# CommunityPulse AI Agent — End-to-End Walkthrough

This notebook demonstrates the complete multi-modal pipeline described in the blog post:

1. **Load three data modalities** — Reddit text, Census ACS tabular data, and news headlines
2. **BERT sentence embeddings** (Week 1 model)
3. **BERTopic / LDA topic modeling** (Week 2 model)
4. **LangChain LLM agent synthesis** (Week 3 model)
5. **Qualitative validation** — case studies and validation table

All cells run in **offline mode** — no API keys required.

In [None]:
# Install dependencies (run once)
# !pip install -r ../requirements.txt

In [None]:
import sys
import os
import warnings
warnings.filterwarnings('ignore')

# Ensure the repo root is on the path
sys.path.insert(0, os.path.abspath('..'))

import pandas as pd
import numpy as np
import matplotlib.pyplot as plt
import seaborn as sns

sns.set_theme(style='whitegrid', palette='muted')
print('Setup complete')

---
## Step 1 — Load All Three Data Modalities

The `CommunityPulseDataLoader` orchestrates three specialised loaders:
- `RedditLoader` — text posts from city subreddits
- `CensusLoader` — ACS demographic/economic indicators
- `NewsLoader` — headlines with pre-computed sentiment scores

In [None]:
from src.data_loader import CommunityPulseDataLoader

loader = CommunityPulseDataLoader(
    communities=['seattle', 'portland', 'denver'],
    offline=True,  # Uses bundled sample CSVs — no API keys needed
)
data = loader.load_all()

print(f"Reddit posts loaded:    {len(data['reddit'])}")
print(f"Census rows loaded:     {len(data['census'])}")
print(f"News headlines loaded:  {len(data['news'])}")

In [None]:
# Preview Reddit data
data['reddit'][['community', 'title', 'score']].head(6)

In [None]:
# Preview Census data
data['census'][[
    'community', 'median_household_income', 'median_rent',
    'poverty_rate', 'unemployment_rate', 'bachelor_degree_pct'
]]

In [None]:
# Preview News data
data['news'][['community', 'headline', 'sentiment_score']].head(6)

---
## Figure A — Demographic Comparison (Census Data)

A grouped bar chart comparing key Census indicators across the three cities.

In [None]:
census = data['census']
metrics = ['poverty_rate', 'unemployment_rate', 'bachelor_degree_pct']
labels  = ['Poverty Rate (%)', 'Unemployment (%)', "Bachelor's Degree+ (%)"]
communities = census['community'].tolist()

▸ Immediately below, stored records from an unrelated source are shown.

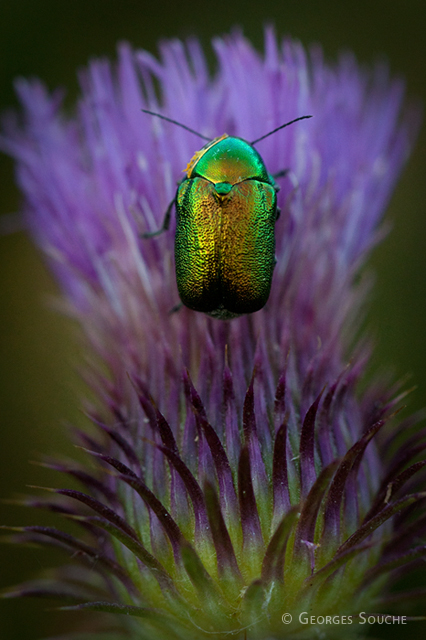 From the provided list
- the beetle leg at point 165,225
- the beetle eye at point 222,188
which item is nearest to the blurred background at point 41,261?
the beetle leg at point 165,225

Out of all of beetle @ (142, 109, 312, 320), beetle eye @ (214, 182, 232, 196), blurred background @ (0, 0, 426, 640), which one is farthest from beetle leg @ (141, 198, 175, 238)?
blurred background @ (0, 0, 426, 640)

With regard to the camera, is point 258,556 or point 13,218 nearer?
point 258,556

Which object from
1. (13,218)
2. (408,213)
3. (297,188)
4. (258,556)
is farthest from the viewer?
(408,213)

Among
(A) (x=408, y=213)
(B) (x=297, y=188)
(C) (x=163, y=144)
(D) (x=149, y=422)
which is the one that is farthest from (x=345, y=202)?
(A) (x=408, y=213)

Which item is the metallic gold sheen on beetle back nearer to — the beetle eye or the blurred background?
the beetle eye

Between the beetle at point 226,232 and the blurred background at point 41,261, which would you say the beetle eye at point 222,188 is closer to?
the beetle at point 226,232

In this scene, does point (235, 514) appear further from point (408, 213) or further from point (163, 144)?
point (408, 213)

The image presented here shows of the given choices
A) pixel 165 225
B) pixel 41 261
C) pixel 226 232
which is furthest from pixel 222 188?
pixel 41 261

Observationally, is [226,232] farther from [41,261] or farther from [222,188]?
[41,261] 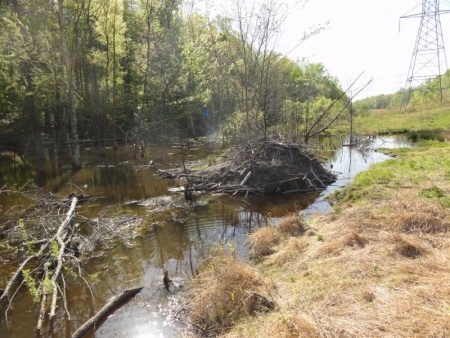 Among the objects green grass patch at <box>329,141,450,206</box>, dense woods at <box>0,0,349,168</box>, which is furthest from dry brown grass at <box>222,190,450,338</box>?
dense woods at <box>0,0,349,168</box>

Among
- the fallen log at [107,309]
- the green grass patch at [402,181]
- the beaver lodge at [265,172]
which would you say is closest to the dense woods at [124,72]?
the beaver lodge at [265,172]

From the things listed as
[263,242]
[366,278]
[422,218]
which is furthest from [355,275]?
[422,218]

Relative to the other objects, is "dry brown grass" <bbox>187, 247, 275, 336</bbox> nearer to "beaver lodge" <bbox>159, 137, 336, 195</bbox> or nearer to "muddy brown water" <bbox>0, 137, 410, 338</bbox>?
"muddy brown water" <bbox>0, 137, 410, 338</bbox>

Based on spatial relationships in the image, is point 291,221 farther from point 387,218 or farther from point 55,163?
point 55,163

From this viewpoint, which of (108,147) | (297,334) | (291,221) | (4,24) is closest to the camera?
(297,334)

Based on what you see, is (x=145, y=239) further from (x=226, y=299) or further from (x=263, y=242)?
(x=226, y=299)

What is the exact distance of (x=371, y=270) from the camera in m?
5.02

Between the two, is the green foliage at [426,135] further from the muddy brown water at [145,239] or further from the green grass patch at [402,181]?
the green grass patch at [402,181]

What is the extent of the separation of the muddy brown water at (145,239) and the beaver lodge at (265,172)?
2.02ft

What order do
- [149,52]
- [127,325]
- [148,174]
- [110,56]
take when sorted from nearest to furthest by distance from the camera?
[127,325]
[148,174]
[149,52]
[110,56]

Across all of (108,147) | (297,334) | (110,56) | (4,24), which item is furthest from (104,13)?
(297,334)

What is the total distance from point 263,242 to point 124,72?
69.3 ft

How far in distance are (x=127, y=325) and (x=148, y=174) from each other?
1234 centimetres

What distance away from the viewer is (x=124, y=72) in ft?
79.9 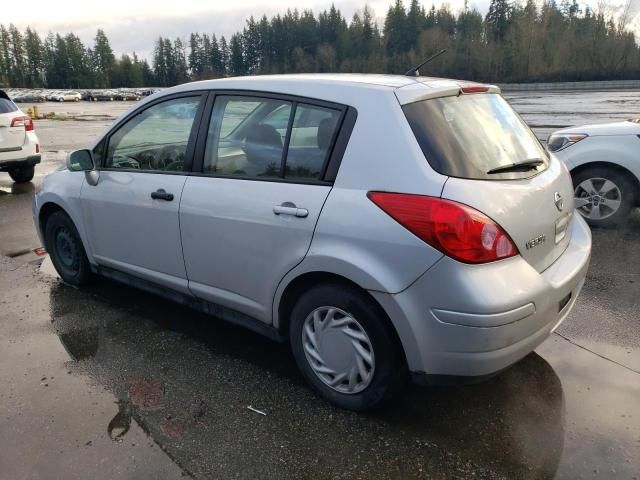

x = np.arange(len(metrics))
width = 0.25
colors = ['#4C72B0', '#DD8452', '#55A868']

fig, ax = plt.subplots(figsize=(10, 5))
for i, (community, color) in enumerate(zip(communities, colors)):
    row = census[census['community'] == community].iloc[0]
    values = [float(row[m]) for m in metrics]
    bars = ax.bar(x + i * width, values, width, label=community, color=color, alpha=0.85)

ax.set_xticks(x + width)
ax.set_xticklabels(labels, fontsize=11)
ax.set_title('Demographic Comparison Across Communities (Census ACS)', fontsize=13)
ax.set_ylabel('Percentage')
ax.legend()
plt.tight_layout()
plt.savefig('../data/sample/fig_demographics.png', dpi=150, bbox_inches='tight')
plt.show()

---
## Figure B — News Sentiment Distribution

Box plot of raw sentiment scores per community + stacked bar of positive/neutral/negative counts.

In [None]:
news = data['news'].copy()

def categorise(s):
    if s > 0.2: return 'positive'
    if s < -0.2: return 'negative'
    return 'neutral'

news['category'] = news['sentiment_score'].apply(categorise)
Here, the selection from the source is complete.